> **DATASET SECTION**
[Start of Attachment]
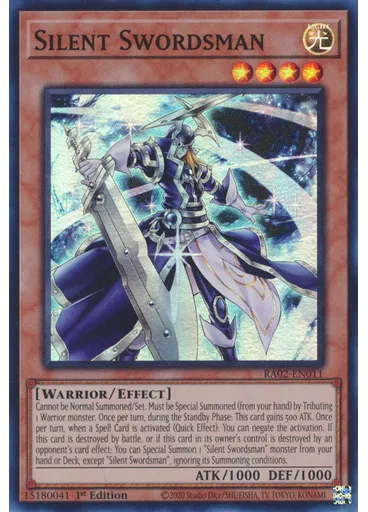 Silent Swordsman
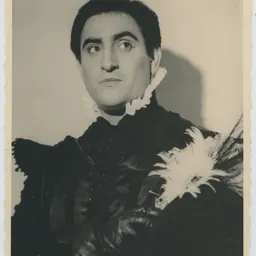 Portrait of Renato Cioni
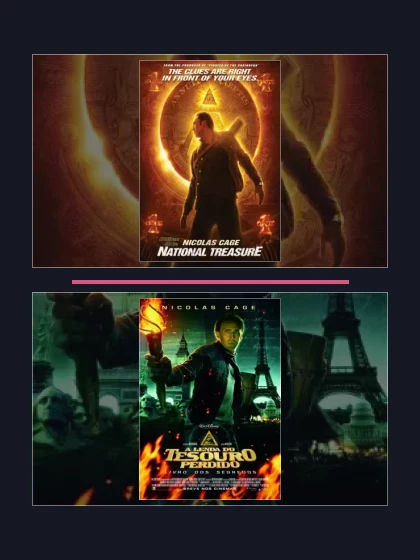 Постер: Сокровище нации: все части по порядку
[End of Attachment]
> **PROBLEM TO WORK ON**
Reproduce the whole listing verbatim and keep all pictures out of it.

> **SOLUTION TO THIS PROBLEM**
 Silent Swordsman
 Portrait of Renato Cioni
 Постер: Сокровище нации: все части по порядку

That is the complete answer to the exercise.